Inner Drive

Today while on a walk I thought about what drives me. Given my personality and disposition, I would rather just work on the sidelines, happy and content doing something I know how to do. I could’ve stayed in a job that was comfortable and provided more than I needed. If it were just up to me I’d like to stay quiet and just be with the people closest to me and those can be counted on one hand. I am not one who revels in the limelight and being thrust front and center. The hustle honestly takes so much out of me. I could do all these but I choose to do otherwise.

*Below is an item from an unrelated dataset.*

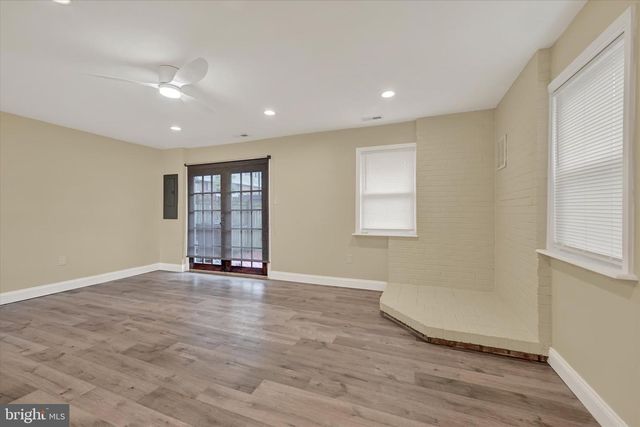 10 SHARROW CT, Baltimore, MD 21244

I do so because of an inner drive that constantly calls upon me. I don’t really know from where it comes from all I know is that it’s always been there beckoning for me to strive to be more. As I young girl I’ve always felt that there was more to what I had and that I could be so much more. It must have been poverty that did this to me or maybe I was just ambitious. But after all these years the drive has not waned, it has just gotten stronger and much clearer. Perhaps it is part of my make up, of who I am. It is the drive that prompts me to seek meaning in all that I do, the desire to seek answers to the questions and yearnings that always stir my soul. I welcome it as I’ve always had but this time I feel that I am embracing it more wholeheartedly. I guess this is because I’ve also come to terms with myself, my flaws, tendencies and blindspots a bit more. I feel that I have value to offer and that thought alone has helped me be enough, reassuring me that I’ll be fine amidst all that may come.